Biographical details
- Born: September 16, 1954 (age 71) Birmingham, Alabama, U.S.
- Education: University of Alabama

Coaching career (HC unless noted)
- 1976–1979: Banks HS (AL) (assistant)
- 1980–1981: Banks HS (AL)
- 1982: Tennessee (assistant)
- 1983–1988: Tennessee (TE)
- 1989: Tennessee (RB)
- 1990–1991: Tennessee (QB)
- 1992: Tennessee (PGC/QB)
- 1993–1994: Tennessee (OC/QB)
- 1995–1998: Tennessee (AHC/OC/QB)
- 1998–2004: Ole Miss
- 2006–2007: Tennessee (AHC/OC/QB)
- 2008–2021: Duke

Head coaching record
- Overall: 121–126
- Bowls: 7–4

Accomplishments and honors

Championships
- SEC Western Division (2003) ACC Coastal Division (2013)

Awards
- Broyles Award (1998) SEC Coach of the Year (2003) ACC Coach of the Year (2012, 2013) Walter Camp Coach of the Year (2013) The Sporting News Co-Coach of the Year (2013) Maxwell Football Club Coach of the Year (2013) Bobby Dodd Coach of The Year (2013) AFCA Coach of the Year (2013)

= David Cutcliffe =

Former American football coach (born 1954)

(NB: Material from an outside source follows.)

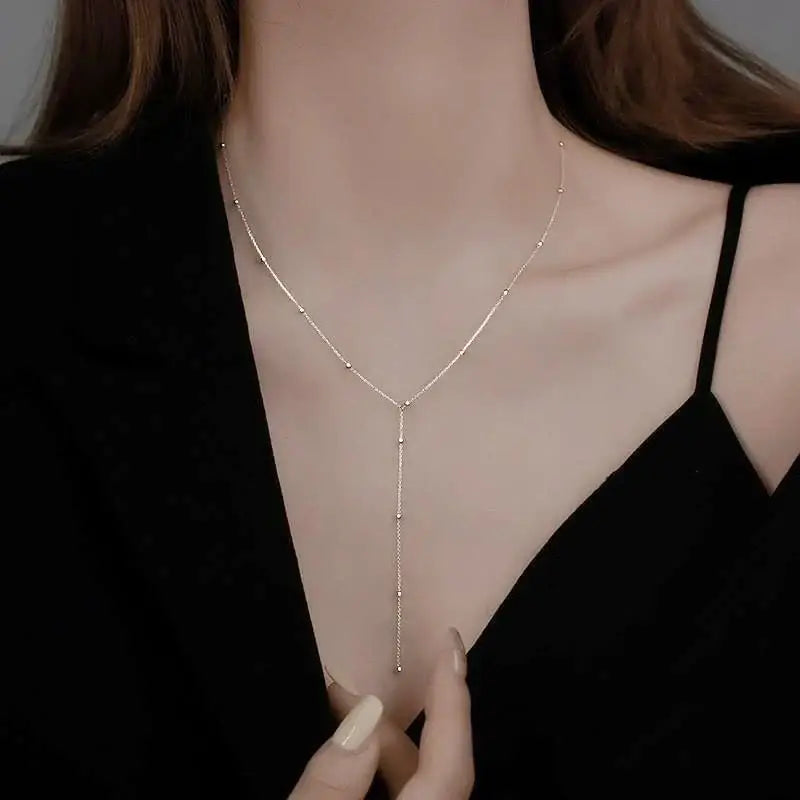 LATS New Luxury Colourful Long Tassel Necklace for Women Shiny Rhinestone Crystal Zircon Choker Bohemian Statement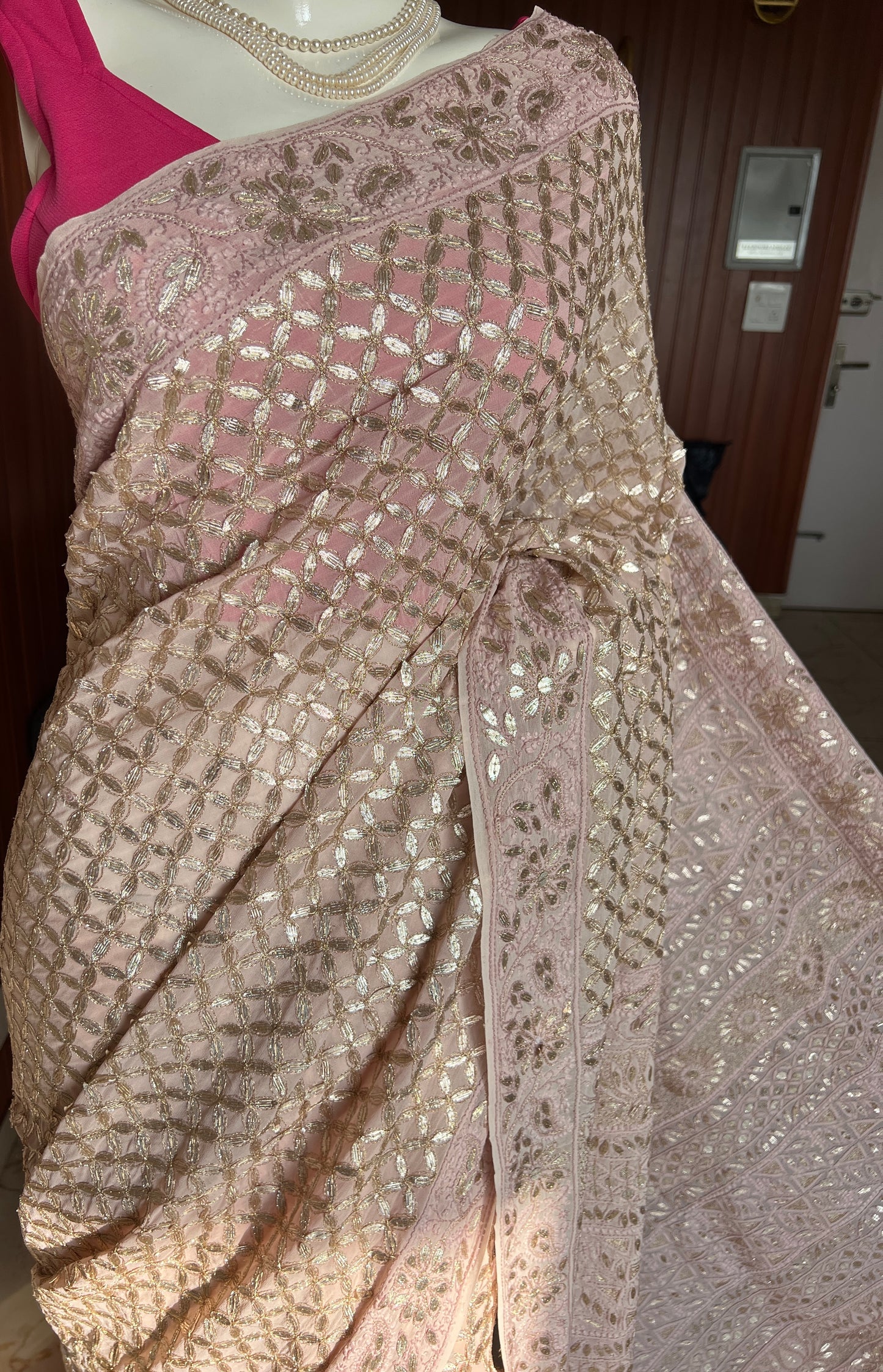 Ruhani Dusty Pink Chikankari and Gota Patti Saree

David Nelson Cutcliffe (born September 16, 1954) is an American former college football coach. Under Cutcliffe, in 2012 the Duke Blue Devils ended an 18-year bowl drought and also brought the Victory Bell back to Duke after beating arch-rival University of North Carolina. The following season, Cutcliffe led the team to a second straight bowl appearance, another win over North Carolina, an Atlantic Coast Conference Coastal Division championship and the first 10-win season in school history. He also earned multiple college football coach of the year awards from the Walter Camp Football Foundation, the Maxwell Football Club, and the Bobby Dodd Foundation.

==Early life==
Cutcliffe was born and raised in Birmingham, Alabama, which played a formative role in his development as a football coach. He has two brothers (Charles "Paige" Cutcliffe, and Raymond Eugene "JR." Cutcliffe) and three sisters (Mary Marlyn Cutcliffe Sullivan, Margart Lynn Cutcliffe, and Elizabeth "Buff" Cutcliffe Easterly). Cutcliffe attended Banks High School in Birmingham where he played football. He attended the University of Alabama, where he worked as an assistant director of the athletic dormitory.

==Coaching career==

===Early coaching career===
In 1976, Cutcliffe took a job at Banks High School where he served as an assistant and later as the head coach. In 1982, he was hired as a part-time coach at the University of Tennessee. A year later, he was promoted to full-time status as the tight ends and assistant offensive line coach. By 1990, Cutcliffe was promoted to quarterbacks coach. He became offensive coordinator as well in 1993. As coordinator, Cutcliffe helped lead the Vols to two Southeastern Conference championships and a national championship. He also helped groom Heath Shuler and future Super Bowl MVP and Pro Football Hall of Famer Peyton Manning, serving as their position coach.

===Ole Miss===
On December 2, 1998, Cutcliffe was hired as the head football coach at Ole Miss after Tommy Tuberville left for Auburn. Cutcliffe had success at Ole Miss, where he recruited Eli Manning, son of Ole Miss player Archie Manning, to play quarterback. In 2003, Cutcliffe's Rebels tied LSU for the Southeastern Conference West Division title, and they won the Cotton Bowl Classic, the Rebels' most prestigious bowl game since the Johnny Vaught era. The bowl victory capped off the Rebels' first 10-win season in 32 years, and only their second since Vaught's tenure.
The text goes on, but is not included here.